2018 Indian Bengali film

Ka Kha Ga Gha (Bengali: ক খ গ ঘ) is an Indian Bengali-language comedy film written and directed by Dr. Krishnendu Chatterjee and produced by Dr. Krishna Mukhopadhyay under the banner of Krishna Movies. Ka Kha Ga Gha is about four young men Kalyan, an aspiring director, Kharaj, a script writer, Ganesh, an aspiring actor, and Ghanta, the antagonist in the team living in a dormitory. Samadarshi, Sourav, and Sayan played the lead roles in this venture.

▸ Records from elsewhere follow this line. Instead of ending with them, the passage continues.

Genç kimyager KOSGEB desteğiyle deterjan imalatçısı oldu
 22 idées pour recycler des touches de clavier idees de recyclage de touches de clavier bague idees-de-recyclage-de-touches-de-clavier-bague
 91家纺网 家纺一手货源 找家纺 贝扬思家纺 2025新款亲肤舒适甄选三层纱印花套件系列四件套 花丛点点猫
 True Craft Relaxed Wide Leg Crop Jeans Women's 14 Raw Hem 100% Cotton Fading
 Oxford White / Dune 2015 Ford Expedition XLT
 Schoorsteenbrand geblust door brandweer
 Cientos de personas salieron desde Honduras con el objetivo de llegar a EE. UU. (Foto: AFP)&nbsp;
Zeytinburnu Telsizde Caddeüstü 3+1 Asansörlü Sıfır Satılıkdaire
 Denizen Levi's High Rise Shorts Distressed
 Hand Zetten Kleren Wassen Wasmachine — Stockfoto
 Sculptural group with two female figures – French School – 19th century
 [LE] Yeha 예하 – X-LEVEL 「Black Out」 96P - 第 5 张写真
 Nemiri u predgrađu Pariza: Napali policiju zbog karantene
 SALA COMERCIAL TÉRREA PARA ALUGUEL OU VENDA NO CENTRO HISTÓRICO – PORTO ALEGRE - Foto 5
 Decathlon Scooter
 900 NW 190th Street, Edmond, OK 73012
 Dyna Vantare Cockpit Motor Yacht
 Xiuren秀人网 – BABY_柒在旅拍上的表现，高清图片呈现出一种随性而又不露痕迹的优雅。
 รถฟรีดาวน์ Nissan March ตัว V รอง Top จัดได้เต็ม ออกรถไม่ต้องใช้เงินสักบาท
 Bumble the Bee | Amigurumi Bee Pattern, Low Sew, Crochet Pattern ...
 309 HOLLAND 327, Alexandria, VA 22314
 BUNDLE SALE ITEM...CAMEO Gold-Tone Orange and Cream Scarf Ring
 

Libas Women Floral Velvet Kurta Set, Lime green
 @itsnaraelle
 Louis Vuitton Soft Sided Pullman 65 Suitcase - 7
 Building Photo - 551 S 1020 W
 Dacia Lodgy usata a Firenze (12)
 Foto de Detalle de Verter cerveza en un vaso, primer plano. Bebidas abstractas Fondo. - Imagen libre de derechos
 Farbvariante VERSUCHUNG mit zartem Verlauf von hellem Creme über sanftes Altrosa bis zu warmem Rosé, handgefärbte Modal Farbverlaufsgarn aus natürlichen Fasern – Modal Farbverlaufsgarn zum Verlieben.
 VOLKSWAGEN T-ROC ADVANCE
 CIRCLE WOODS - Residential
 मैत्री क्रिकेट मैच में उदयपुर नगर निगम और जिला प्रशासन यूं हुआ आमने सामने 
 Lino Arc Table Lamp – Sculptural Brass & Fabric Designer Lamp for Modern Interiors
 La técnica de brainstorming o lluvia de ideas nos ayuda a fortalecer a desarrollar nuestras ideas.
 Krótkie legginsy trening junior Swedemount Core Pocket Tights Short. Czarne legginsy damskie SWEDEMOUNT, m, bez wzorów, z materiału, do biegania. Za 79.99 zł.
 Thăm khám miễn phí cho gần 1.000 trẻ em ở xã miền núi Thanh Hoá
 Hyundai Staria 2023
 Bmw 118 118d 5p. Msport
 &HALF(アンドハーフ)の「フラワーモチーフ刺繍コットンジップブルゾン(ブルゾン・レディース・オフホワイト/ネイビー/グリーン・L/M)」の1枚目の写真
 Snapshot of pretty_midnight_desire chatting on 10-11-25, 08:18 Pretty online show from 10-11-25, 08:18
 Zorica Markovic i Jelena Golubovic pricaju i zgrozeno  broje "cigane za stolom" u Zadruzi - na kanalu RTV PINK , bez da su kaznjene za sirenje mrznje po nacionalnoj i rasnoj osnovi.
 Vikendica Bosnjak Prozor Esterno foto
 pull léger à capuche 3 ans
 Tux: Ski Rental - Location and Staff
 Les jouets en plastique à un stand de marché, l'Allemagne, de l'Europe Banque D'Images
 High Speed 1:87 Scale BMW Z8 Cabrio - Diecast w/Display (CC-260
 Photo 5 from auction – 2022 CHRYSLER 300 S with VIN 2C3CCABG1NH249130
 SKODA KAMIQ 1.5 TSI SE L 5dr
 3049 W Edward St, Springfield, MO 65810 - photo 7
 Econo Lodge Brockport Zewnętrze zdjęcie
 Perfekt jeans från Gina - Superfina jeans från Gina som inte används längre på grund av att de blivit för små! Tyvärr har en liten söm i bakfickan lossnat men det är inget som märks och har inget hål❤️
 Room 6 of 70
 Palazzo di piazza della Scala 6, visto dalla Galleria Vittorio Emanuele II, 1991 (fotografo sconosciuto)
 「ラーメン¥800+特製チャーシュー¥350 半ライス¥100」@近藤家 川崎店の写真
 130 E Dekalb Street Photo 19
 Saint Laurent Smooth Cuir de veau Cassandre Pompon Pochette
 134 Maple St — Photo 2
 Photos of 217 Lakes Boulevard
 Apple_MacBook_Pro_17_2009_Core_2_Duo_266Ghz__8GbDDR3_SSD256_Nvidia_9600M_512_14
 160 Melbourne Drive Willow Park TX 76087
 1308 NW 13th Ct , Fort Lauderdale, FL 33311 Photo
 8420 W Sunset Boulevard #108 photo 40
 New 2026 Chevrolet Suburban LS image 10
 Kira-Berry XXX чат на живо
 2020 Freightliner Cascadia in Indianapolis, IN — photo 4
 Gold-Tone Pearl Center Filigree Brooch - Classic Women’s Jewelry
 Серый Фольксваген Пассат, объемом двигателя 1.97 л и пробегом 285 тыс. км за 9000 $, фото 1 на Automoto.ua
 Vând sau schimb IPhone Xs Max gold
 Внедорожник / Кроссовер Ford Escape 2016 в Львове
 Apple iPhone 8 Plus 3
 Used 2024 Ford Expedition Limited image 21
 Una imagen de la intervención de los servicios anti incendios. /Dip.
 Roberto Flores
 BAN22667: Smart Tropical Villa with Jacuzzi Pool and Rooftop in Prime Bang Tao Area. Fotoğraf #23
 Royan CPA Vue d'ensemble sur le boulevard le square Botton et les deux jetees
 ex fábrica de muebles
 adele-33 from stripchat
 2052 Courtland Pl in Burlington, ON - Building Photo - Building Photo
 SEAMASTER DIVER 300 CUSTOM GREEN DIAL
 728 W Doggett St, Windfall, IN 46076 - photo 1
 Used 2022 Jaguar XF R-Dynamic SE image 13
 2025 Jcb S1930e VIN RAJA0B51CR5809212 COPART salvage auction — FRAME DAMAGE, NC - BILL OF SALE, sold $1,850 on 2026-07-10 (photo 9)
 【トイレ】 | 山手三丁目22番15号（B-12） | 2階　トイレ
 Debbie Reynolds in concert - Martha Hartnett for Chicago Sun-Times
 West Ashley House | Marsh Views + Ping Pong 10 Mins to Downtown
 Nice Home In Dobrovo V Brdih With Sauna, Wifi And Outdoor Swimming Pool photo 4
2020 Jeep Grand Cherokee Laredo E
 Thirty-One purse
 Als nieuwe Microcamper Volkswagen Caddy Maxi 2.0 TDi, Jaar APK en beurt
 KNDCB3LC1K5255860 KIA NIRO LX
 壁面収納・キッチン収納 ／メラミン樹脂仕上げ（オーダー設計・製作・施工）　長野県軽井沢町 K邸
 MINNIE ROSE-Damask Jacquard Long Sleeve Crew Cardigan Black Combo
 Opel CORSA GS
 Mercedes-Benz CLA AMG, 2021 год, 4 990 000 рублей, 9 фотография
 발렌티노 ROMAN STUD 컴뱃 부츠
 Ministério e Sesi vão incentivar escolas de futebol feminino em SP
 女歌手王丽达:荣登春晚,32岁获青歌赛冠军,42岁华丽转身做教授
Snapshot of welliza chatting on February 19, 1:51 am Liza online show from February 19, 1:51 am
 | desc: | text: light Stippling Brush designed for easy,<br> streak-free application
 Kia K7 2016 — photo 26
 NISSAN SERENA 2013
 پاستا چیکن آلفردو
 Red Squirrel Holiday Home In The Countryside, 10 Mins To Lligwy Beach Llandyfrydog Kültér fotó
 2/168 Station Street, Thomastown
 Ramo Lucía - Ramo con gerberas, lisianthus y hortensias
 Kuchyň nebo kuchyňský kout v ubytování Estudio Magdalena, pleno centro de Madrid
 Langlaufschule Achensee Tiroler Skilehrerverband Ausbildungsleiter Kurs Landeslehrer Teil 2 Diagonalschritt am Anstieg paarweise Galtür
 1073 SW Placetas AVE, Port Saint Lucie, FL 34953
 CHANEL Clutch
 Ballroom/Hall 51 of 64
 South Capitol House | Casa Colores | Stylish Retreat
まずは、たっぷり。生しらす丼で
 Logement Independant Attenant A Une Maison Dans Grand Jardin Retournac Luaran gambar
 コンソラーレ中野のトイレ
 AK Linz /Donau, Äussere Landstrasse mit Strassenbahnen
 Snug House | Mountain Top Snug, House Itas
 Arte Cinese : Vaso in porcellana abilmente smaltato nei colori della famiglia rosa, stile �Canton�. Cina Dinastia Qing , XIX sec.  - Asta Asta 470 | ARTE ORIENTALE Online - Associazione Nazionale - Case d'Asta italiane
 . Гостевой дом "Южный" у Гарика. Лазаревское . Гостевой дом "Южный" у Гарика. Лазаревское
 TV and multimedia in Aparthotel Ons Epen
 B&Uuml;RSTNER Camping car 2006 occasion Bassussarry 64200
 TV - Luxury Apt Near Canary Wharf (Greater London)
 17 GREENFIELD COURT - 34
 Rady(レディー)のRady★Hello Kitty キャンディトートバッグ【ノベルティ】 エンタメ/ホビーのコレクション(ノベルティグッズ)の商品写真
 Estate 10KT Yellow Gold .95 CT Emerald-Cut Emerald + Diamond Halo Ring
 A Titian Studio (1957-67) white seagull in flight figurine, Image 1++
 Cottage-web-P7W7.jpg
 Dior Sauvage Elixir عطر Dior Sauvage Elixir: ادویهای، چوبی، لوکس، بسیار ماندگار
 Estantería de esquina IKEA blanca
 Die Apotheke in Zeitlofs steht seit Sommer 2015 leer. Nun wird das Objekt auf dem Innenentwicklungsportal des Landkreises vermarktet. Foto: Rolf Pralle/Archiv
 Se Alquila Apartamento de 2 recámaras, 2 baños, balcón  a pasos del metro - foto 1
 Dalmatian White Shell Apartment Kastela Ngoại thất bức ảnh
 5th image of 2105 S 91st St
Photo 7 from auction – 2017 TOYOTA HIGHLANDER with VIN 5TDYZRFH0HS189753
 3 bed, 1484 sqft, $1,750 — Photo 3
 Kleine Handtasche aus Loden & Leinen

Actress Sayani Ghosh is seen essaying the leading lady opposite Sourav.

== Cast ==
- Samadarshi Dutta as Kalyan
- Iman Chakraborty as Kharaj
- Saurav Das as Ganesh
- Rj Sayan as Ghanta
- Kaushik Ganguly as Bhabotosh Sikhdar
- Paran Bandopadhyay as mess owner
- Mir Afsar Ali
- Aparajita Addhya
- Saayoni Ghosh
- Lama Halder
- Manashi Sinha
- Shovan Kamila

== Production ==
In early 2017, director Dr. Krishnendu Chatterjee penned the script. The shooting was completed in a month's time.

== Marketing ==
The first teaser was released on 20 January 2018. The film's official poster was launched at the Level Seven Rooftop Lounge. The trailer of the film was released on February 19, 2018.

== Release ==
The film was released on March 9, 2018, at Nandan.

== Soundtrack ==
Anindya Chatterjee has composed and penned all the songs of the film.

| No. | Title | Artist (s) | Length |
|---|---|---|---|
| 1. | "Naam Na Jana Pakhi (Duet)" | Shreya Ghoshal, Arijit Singh | 04:07 |
| 2. | "Naam Na Jana Pakhi (Male)" | Arijit Singh | 04:07 |
| 3. | "Naam Na Jana Pakhi (Female)" | Shreya Ghoshal | 04:07 |
| 4. | "Chal Suru Action" | Anindya Chatterjee, Sidhu (singer), Soumitra (singer), Upal (singer) | 03:16 |
| 5. | "Ka Kha Ga Gha Mission" | Rupam Islam | 02:56 |
| 6. | "Kuchur Muchur" | Prashmita | 03:46 |

== Reception ==
=== Critical reception ===
Bhaskar Chattopadhyay of the Firstpost reviewed the film and wrote "Ka Kha Ga Gha director Krishnendu Chatterjee may do well to remember that what works on television does not work in cinema, and that it is very difficult to make a simple film." He criticized the poorly written jokes, jarring transitions, weak editing but praised the music and the writing.